• What is expected: Exactly the lines from the one containing "Woman playing with" through the one containing "Dysferlin-deficient immortalized human" in the listing below are to be copied, with the pictures left out.

• Records to process:
=== Begin Enclosure ===
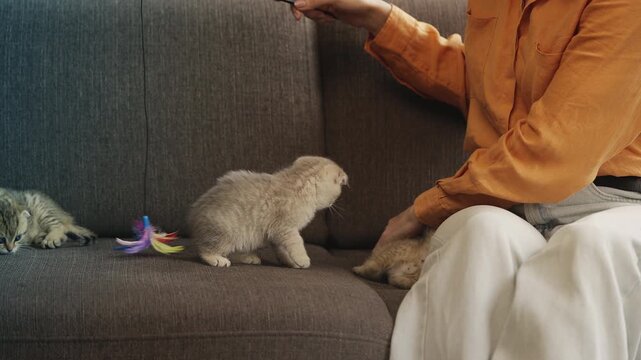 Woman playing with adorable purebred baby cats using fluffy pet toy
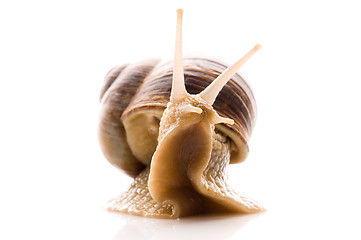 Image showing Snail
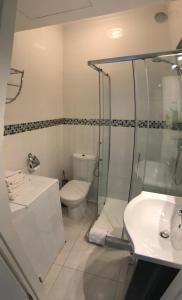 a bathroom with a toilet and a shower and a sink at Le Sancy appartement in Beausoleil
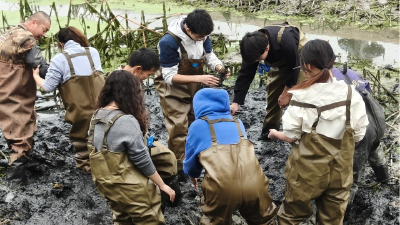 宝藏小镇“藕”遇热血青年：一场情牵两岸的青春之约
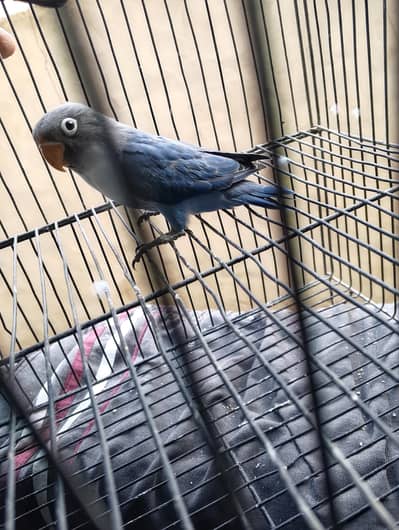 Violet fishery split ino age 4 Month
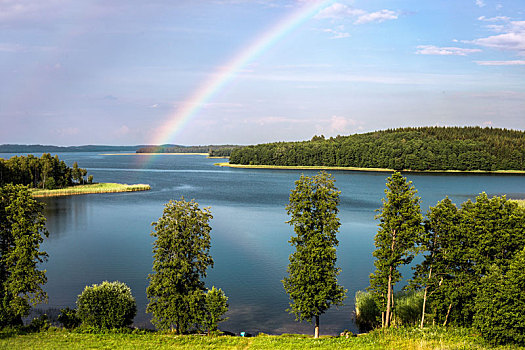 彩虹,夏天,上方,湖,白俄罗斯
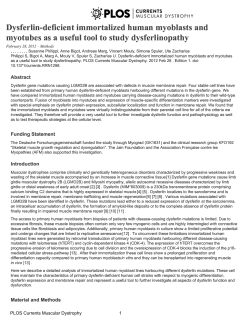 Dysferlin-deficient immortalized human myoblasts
=== End Enclosure ===
=== Begin Enclosure ===
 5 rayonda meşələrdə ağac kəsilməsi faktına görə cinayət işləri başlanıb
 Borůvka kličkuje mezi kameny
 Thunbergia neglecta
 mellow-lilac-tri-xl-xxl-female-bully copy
=== End Enclosure ===
• Solution to this exercise:
 Woman playing with adorable purebred baby cats using fluffy pet toy
 Image showing Snail
 a bathroom with a toilet and a shower and a sink at Le Sancy appartement in Beausoleil
 宝藏小镇“藕”遇热血青年：一场情牵两岸的青春之约
 Violet fishery split ino age 4 Month
 彩虹,夏天,上方,湖,白俄罗斯
 Dysferlin-deficient immortalized human myoblasts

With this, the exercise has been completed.